Chevroches, Canal du Nivernais

Sunday 12 July 2015

Out onto the River






We are about to descend 10 metres onto the River Saone. The final lock of 61 (in 114km) on the Canal du Centre. It's been a bit of a hard slog particularly for our crew flying from a balmy Scottish summer (highs of around 20 and the distinct probability of rain) into a week of temperatures just shy of 40. Libby and Brian you were brilliant. We'll have medals ready for you but only if you come back again next year.
The Crew at Santanay- still standing!

Before picking up our brave crew in Digion we detoured along the 50km  Canal de Roanne.
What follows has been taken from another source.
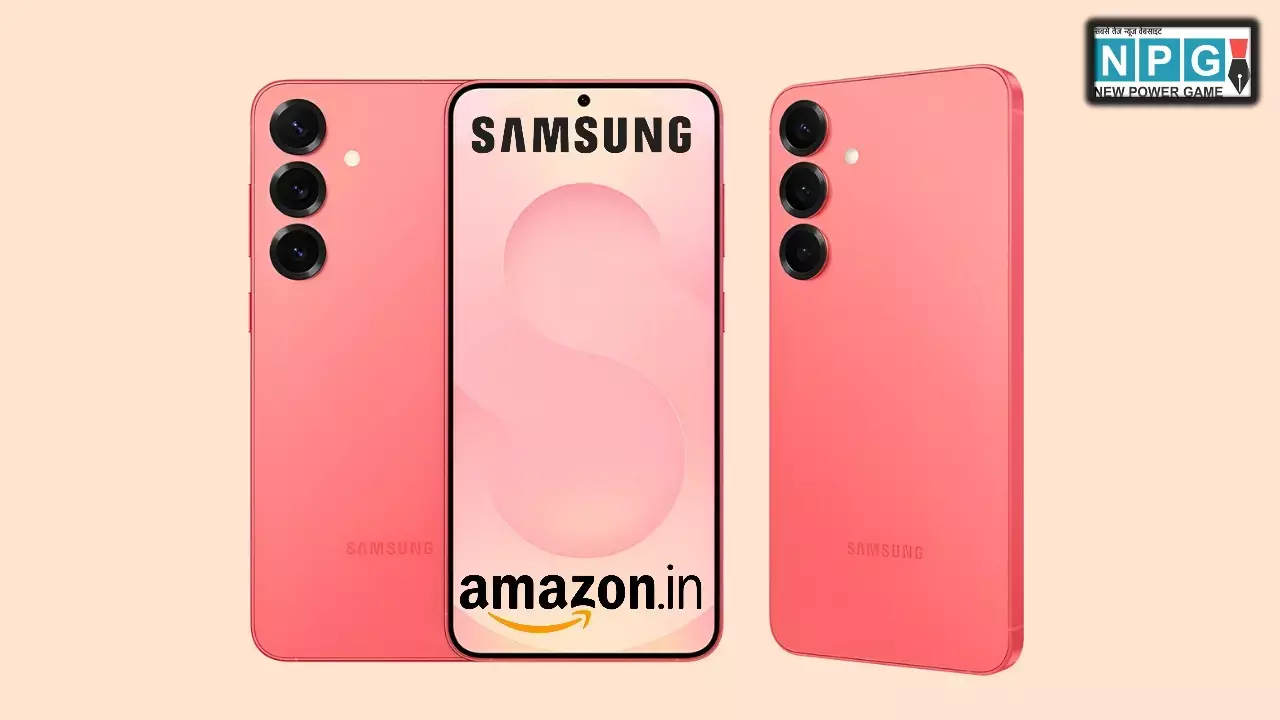Samsung Galaxy S25 5G पर अमेज़न का सबसे बड़ा ऑफर! जानिए कैसे पाएं 10,000 रुपये तक की छूट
We have previously missed out this canal as it terminates at Roanne and so necessitates retracing the same route within days.
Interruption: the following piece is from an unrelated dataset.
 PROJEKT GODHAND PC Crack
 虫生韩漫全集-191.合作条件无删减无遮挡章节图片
Extremely leaky lock gates


The canal is quite rural and pleasant with some 'interesting' lock approaches requiring a bit of driving skill (says skipper) or plain luck to get through the cross currents and avoid bouncing off the stone walls.
Helping the lock keeper, Canal de Roanne


Roanne Port

Roanne was once an important Loire port and has a huge basin - 800m x 80m - and very popular with people from all over the world who live aboard their boats over the winter. Most are away cruising during the summer but apparently there is a lively social life to he had over the winter months. Unlike some other winter mooring ports in France, Roanne has lots of shops and restaurants as well as a station. It is also relatively cheap for long term moorings.

After Roanne our next major stop was at the small town of Digoin which is the beginning of the Canal du Centre. Digoin is notable for its lovely aqueduct over the River Loire and also the storks which nest every year on top of the church tower in the middle of town. The parents return from the river to the nest every evening and everyone sitting at the cafes around the square waits expectantly and gets quite excited when then arrive.


Digoin was holding a Petanque festival while we there and the huge park beside the river was filled with hundreds (it seemed) of simultaneous games which one of us rashly tried to ride a bike through... Fortunately no upset was caused or boules hurled at the perpetrator.

As with many towns in France there were also musicians playing open air concerts. A couple of weeks ago we were in Decize at Midsummer which is the night that the whole of France celebrates its Fete de la Musique and anyone who has any type of musical instrument at all picks it up, bags a spot in the town or village and plays. No particular ability required just enthusiasm and a love of music. Having said that we have seen some excellent performers.